Podría considerarse que un logro importante del 2007 fue el mantenimiento de la estabilidad de precios, pese a los elevados costos internacionales de los combustibles y de diversos alimentos y materias primas. Aún así, al mes de noviembre la inflación anual ya se había elevado al 8.4%, y es posible que al terminar el año ese porcentaje sea mayor, como efecto de los altos precios de los alimentos, impactados, en gran medida, por las dos tormentas tropicales que afectaron gravemente el sector   agropecuario del país durante los meses finales del año.

Los incrementos de precios de los más importantes productos básicos en la economía mundial afectaron a la República Dominicana de dos maneras: por el lado positivo aumentaron las exportaciones, particularmente las de ferroníquel, las cuales se elevaron tanto que probablemente hayan superado los US$1,000 millones, casi duplicando su valor; pero por otro lado, han obligado al país a comprar más caros el petróleo y diversas materias primas.

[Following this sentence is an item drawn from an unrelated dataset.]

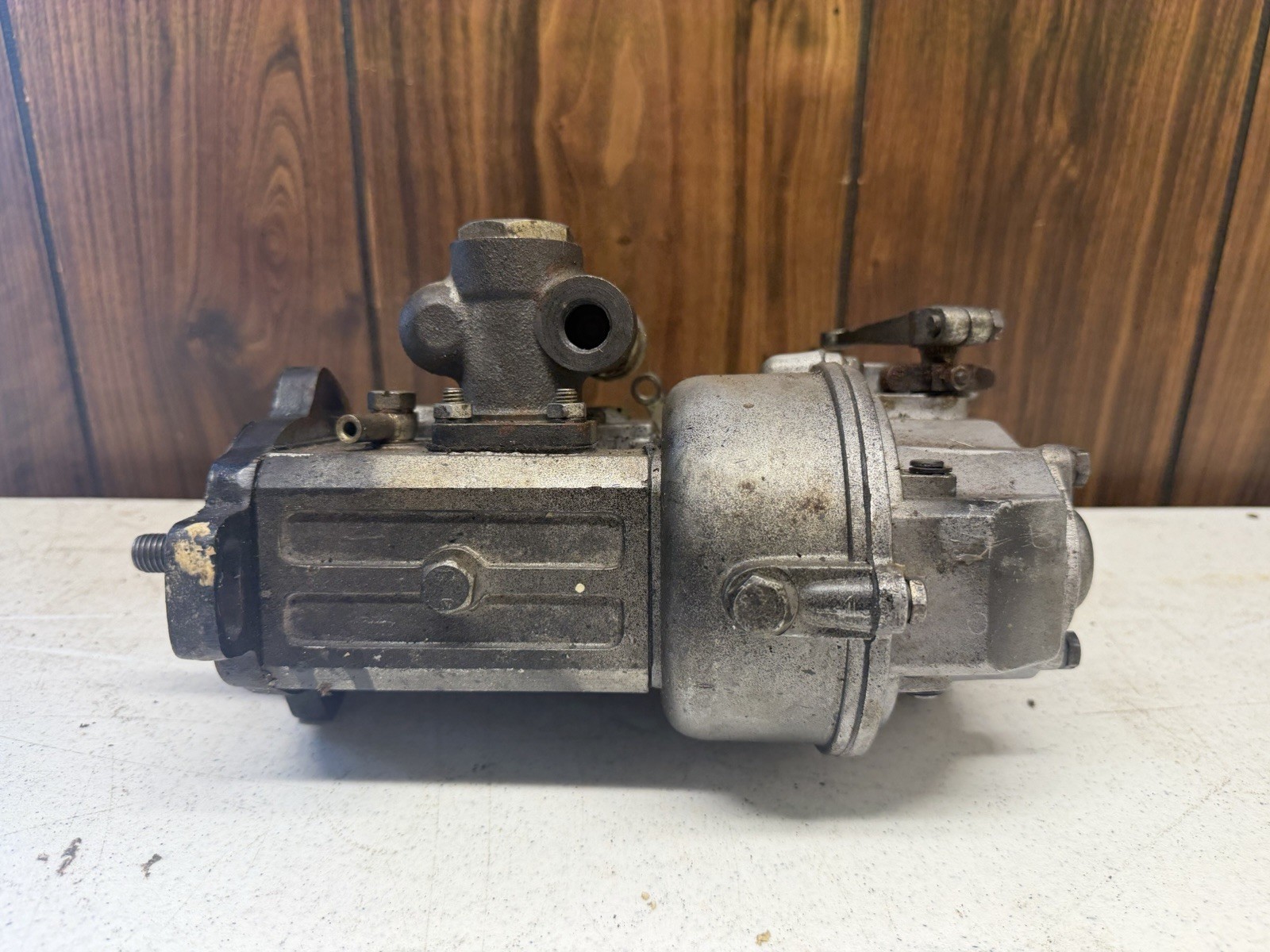 Weifu Pump. Untested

Unas de las mayores fuentes de preocupación del entorno económico es el déficit de la cuenta corriente de la balanza de pagos, el cual ha   alcanzado niveles difícilmente sostenibles. Se estima que al terminar el 2007 podría estar cerca del 5% del producto bruto interno. El aumento de las exportaciones por   los altos precios del ferroníquel no ha sido ni mínimamente suficiente para contrarrestar el hecho de que las zonas francas siguieron en retroceso, el turismo estuvo estancado, mientras que las importaciones aumentaron vertiginosamente, alentadas, entre otras cosas, por el mismo fenómeno que afecta negativamente el turismo y las zonas francas, que es el mantenimiento de una moneda sobrevaluada.

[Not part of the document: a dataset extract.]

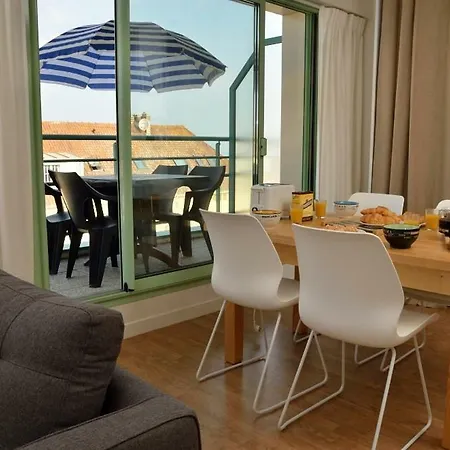 Le Floride - Duplex De Standing Terrasse Et Vue Mer Fort-Mahon-Plage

El país podría haber experimentado serias presiones en su sector externo de no haber sido por que en la primera mitad del año se registraron fuertes entradas de capitales privados, que se unieron al financiamiento blando de Petrocaribe. Este flujo positivo de capitales vino atraído por las tasas reales positivas de interés, en instrumentos de gran confiabilidad como son los certificados del Banco Central, al tiempo que la tasa de cambio permanece prácticamente inalterable durante casi tres años. No debe olvidarse, sin embargo, que para mantener esa estabilidad cambiaria, el Banco Central ha tenido que seguir aumentando el balance de su deuda interna, la cual termina el año 2007 en alrededor de RD$200,000 millones, cuyo costo financiero tendrá que seguir pagando el país por varios lustros.

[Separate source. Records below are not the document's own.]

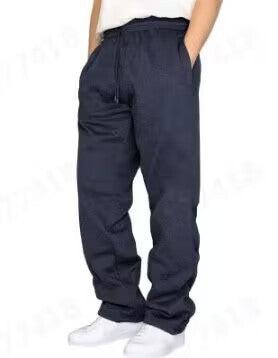 Herren casual joggingbyxor Mirla-Eva Jonsson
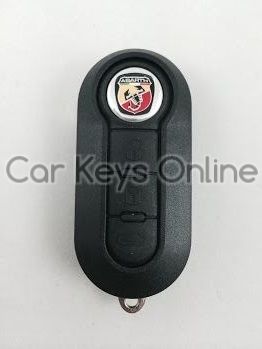 OEM Remote Key for Abarth (Delphi BSI)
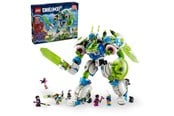 LEGO® - LEGO DREAMZzz 71485 Mateo og kamprobotten ridder-Z-Blob - 71485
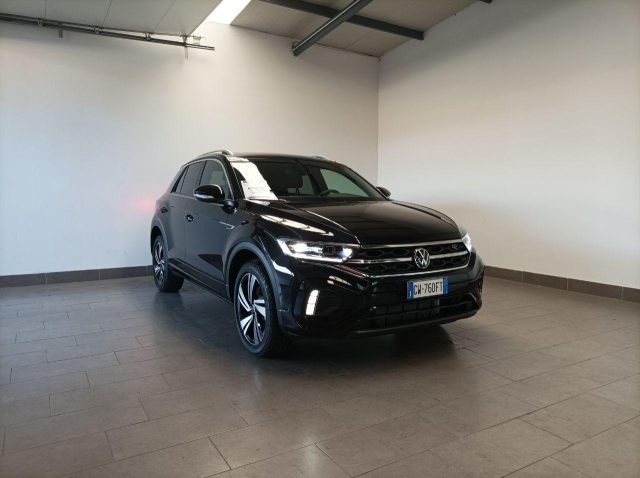 VOLKSWAGEN T-Roc 1.0 TSI R-Line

Otro elemento distintivo de la evolución económica es el incremento mayor de lo previsto de los ingresos fiscales. En los primeros once meses se habían incrementado en un 26%, en tanto que las proyecciones presupuestarias eran de un aumento de 16%. Las razones fundamentales que explican este fenómeno son: por un lado, los altos precios del ferroníquel, que significó un incremento de casi 500%, con relación al 2006, en los ingresos provenientes de los derechos de explotación de Falconbridge; y por otro lado, la introducción del número de comprobante fiscal, que mejoró considerablemente los controles de la administración tributaria, tanto en el cobro del ITBIS como del Impuesto Sobre La Renta.

El fuerte aumento de los ingresos le permitió al Gobierno incrementar sus gastos y aún así cumplir sus metas de superávit en el Gobierno Central negociadas con el FMI. Un aspecto a destacar es que los gastos corrientes se incrementaron en alrededor del 16%, incumpliendo así con la propia ley de austeridad vigente. Vale decir que, el Gobierno aprovechó su gran holgura de recursos para potenciar, a la mayor expresión, su política clientelista de gastos. Hasta tal punto, que los recursos le alcanzaron para complacer peticiones de múltiples sectores excepto para lo más importante, pues el país sigue manifestando un extremadamente bajo compromiso con lo social. Se estima que el porcentaje del PBI destinado al gasto educativo, terminará en apenas un 2%, lo que sigue siendo uno de los aportes más bajos a nivel mundial. Algo parecido ocurre con salud, justicia y otros servicios sociales.